For the next two days, say "Falklands" at your own risk. I will hear you out, nod politely, and then, somewhere behind my eyes, quietly plot your soccer destruction.

It's a joke. Mostly. But like most good jokes, it's built on something real, because this fixture doesn't really do "just a soccer game," no matter how badly Argentina coach Lionel Scaloni wants it to.

Forty years in the making


Wednesday's semi-final in Atlanta lands almost exactly forty years after the match this rivalry is actually remembered for: the 1986 quarter-final at the Azteca Stadium, four years removed from the Falklands War. That's when Argentine legend Diego Maradona scored his infamous "Hand of God" goal. He's widely believed to have punched the ball into the net, but the referee didn't see it. Minutes later, Maradona scored arguably the greatest solo goal the World Cup has ever seen. Argentina won 2-1. England never really got over it, and Argentina never really let them.

That match wasn't the beginning, though. Twenty years earlier, at the 1966 World Cup, the one England actually won, Argentina captain Antonio Rattín was sent off in a bad-tempered quarter-final, and English manager Alf Ramsey reportedly described the Argentine players as "animals" afterward. It set a tone that neither side has quite shaken since: mutual respect, laced with mutual suspicion.

Then there was 1998, a Round of 16 classic where a teenage Michael Owen scored a wondergoal, David Beckham was sent off for a reckless kick at an Argentine defender, and England, down to ten men, still somehow took Argentina to penalties, and lost. Four years later, at the 2002 World Cup, Beckham got his redemption: a penalty against Argentina in the group stage that England held on to win.

And then, remarkably, given the history, almost nothing.
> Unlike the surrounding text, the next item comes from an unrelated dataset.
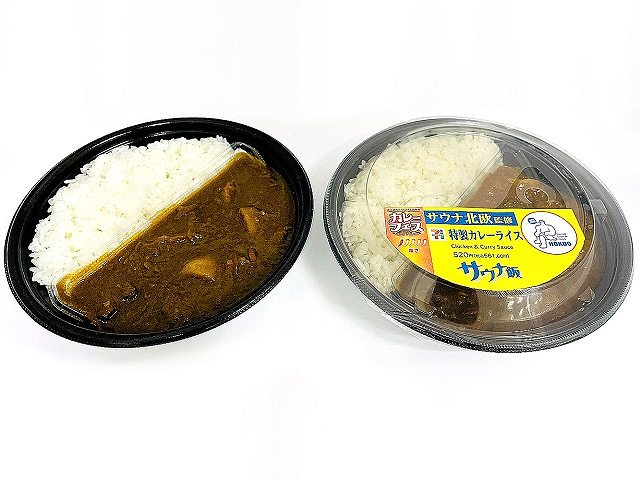 サウナ北欧監修　特製カレーライス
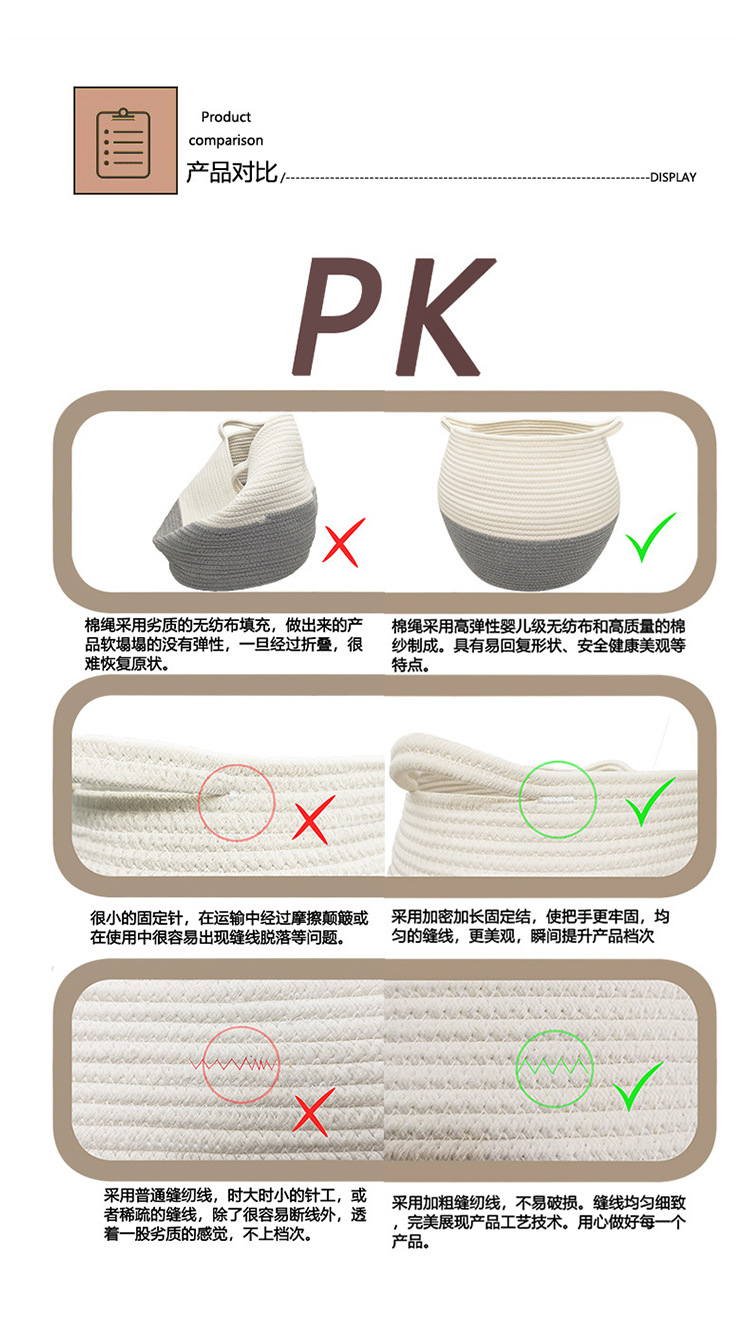 北欧棉线脏衣篓玩具收纳篮卧室换洗衣物置物筐编织家用神器轻奢详情10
A single, forgettable friendly in Geneva in 2005 is the last time these two teams actually met. For a rivalry this loaded, they've spent most of the last twenty years circling each other rather than colliding.
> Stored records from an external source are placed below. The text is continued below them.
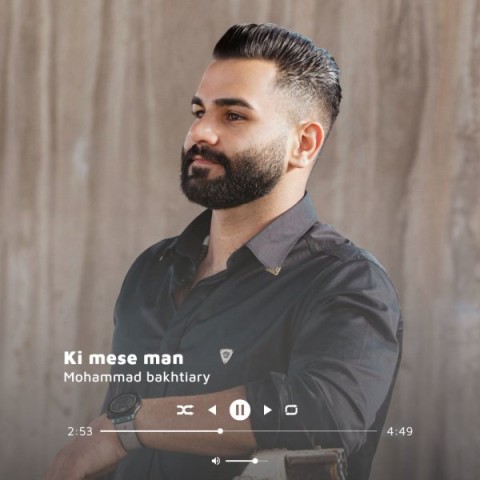 دانلود آهنگ جدید محمد بختیاری کی مثه من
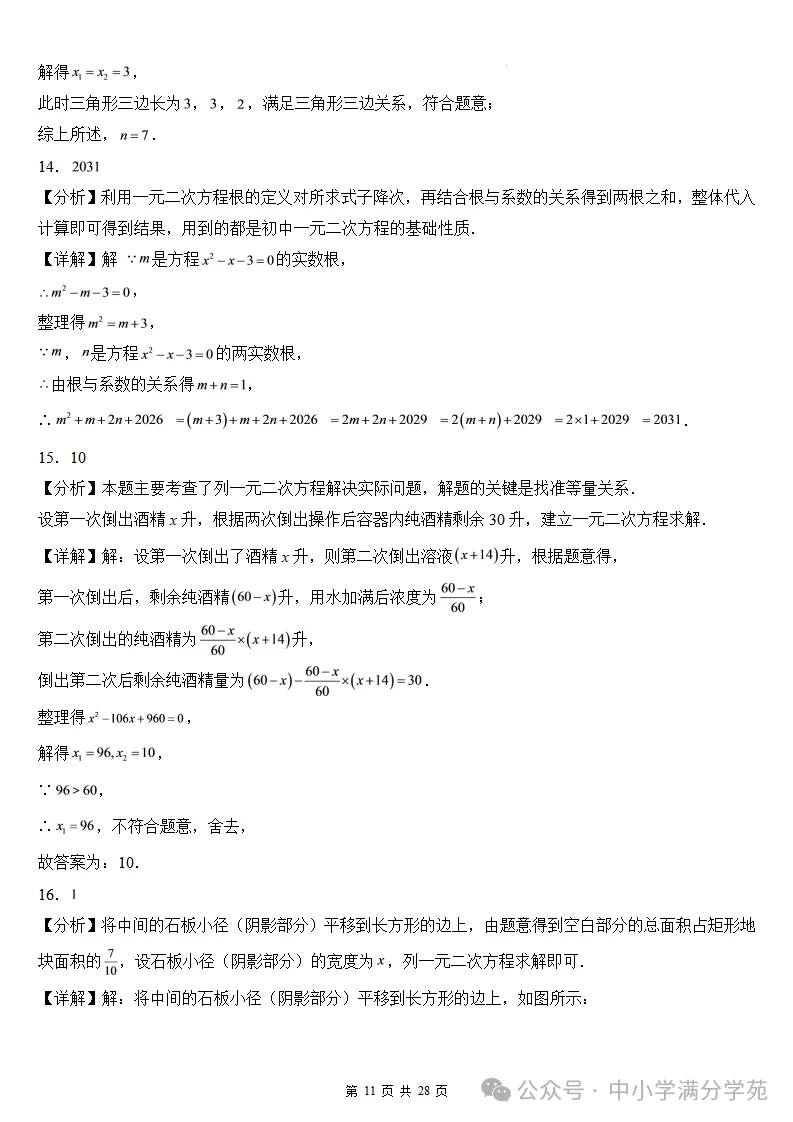 初三数学上册:第二十五章《一元二次方程》检测卷2套+答案-第12张图片-四季读书网 初三数学上册:第二十五章《一元二次方程》检测卷2套+答案-第12张图片-四季读书网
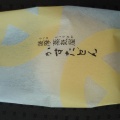 実際訪問したユーザーが直接撮影して投稿した霧島田口スイーツ薩摩蒸氣屋 霧島民芸村店の写真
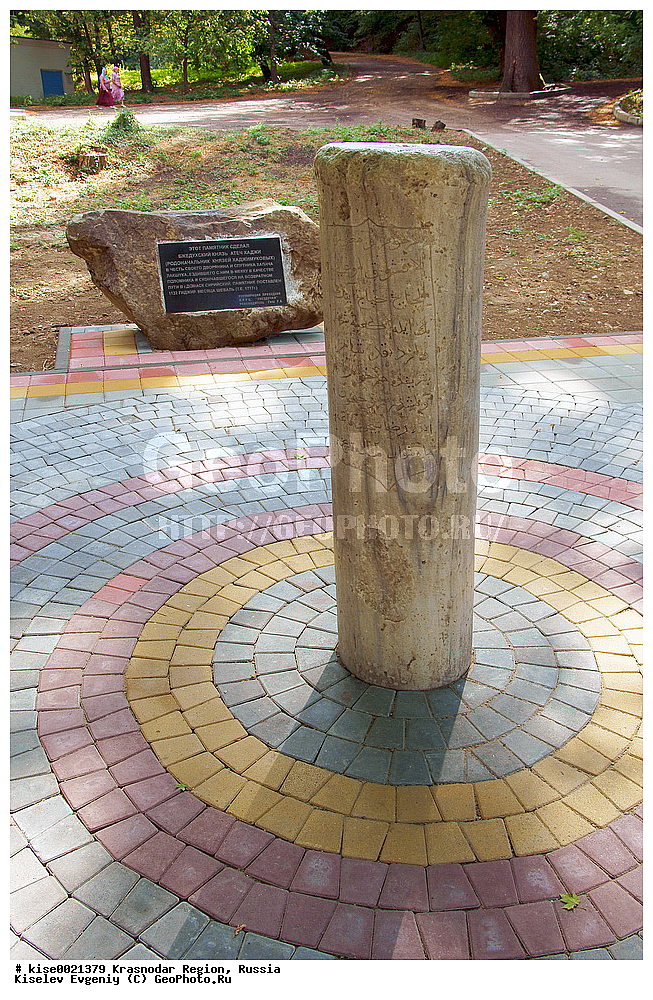 ������; ������������� ����; �����-������; ������� ����; ����; ��������� ����; ��������; ��������; �����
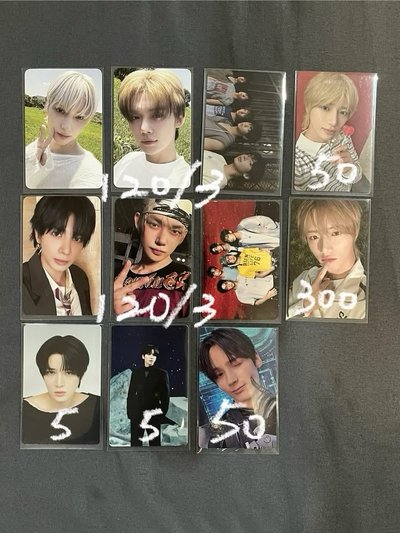 txt 小盤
Which is exactly why Wednesday matters so much. Lionel Messi, in a career that has swallowed up every trophy and record soccer has to offer, has never once played England at a World Cup. That alone tells you how rare, and how overdue, this collision is.

More than a scoreline

None of this history exists in a vacuum, and everyone involved knows it. The Falklands, Las Malvinas to Argentina, remain a live wound: a war fought in 1982 over a set of islands in the South Atlantic that Argentina still claims as its own, and Britain still governs. It's not ancient history. It's a sovereignty dispute that never fully resolved, and just went quiet. But every time these two soccer teams share a pitch, that quiet gets a little louder.

Scaloni, for his part, is doing his best to keep politics off the scoresheet. "The message is this is a soccer game," he said after Argentina's 3-1 extra-time win over Switzerland. "It is a soccer game and we will be playing against a very tough opponent... and that's all." It's the right thing for a coach to say. It's also, frankly, a losing battle, because for two nations with this particular history, there's no such thing as "just" a soccer game against each other.

World Cup 2026: Argentina & England progress after win over Switzerland, Norway
World Cup 2026: Argentina & England progress after win over Switzerland, Norway

For Argentina, a win keeps alive the extraordinary possibility of back-to-back World Cup titles, something no team has managed since Brazil in 1962, and hands Messi the one World Cup scalp that's eluded him for two decades. For England, a win will be the first major trophy in sixty years. Thomas Tuchel wasn't shy about how nervy Saturday's extra-time win over Norway actually was. "We were very lucky today," he admitted. England will need to be considerably better than lucky against this Argentina side.

Whoever wins meets the victor of France-Spain in the final on July 19.

As for me, I'll be watching every second of it wrapped in light blue and white, mate in hand, treating my English friends with the kind of exaggerated, theatrical caution usually reserved for family at a holiday dinner where everyone knows better than to bring up politics. We'll all survive it. Probably. Vamos, Argentina.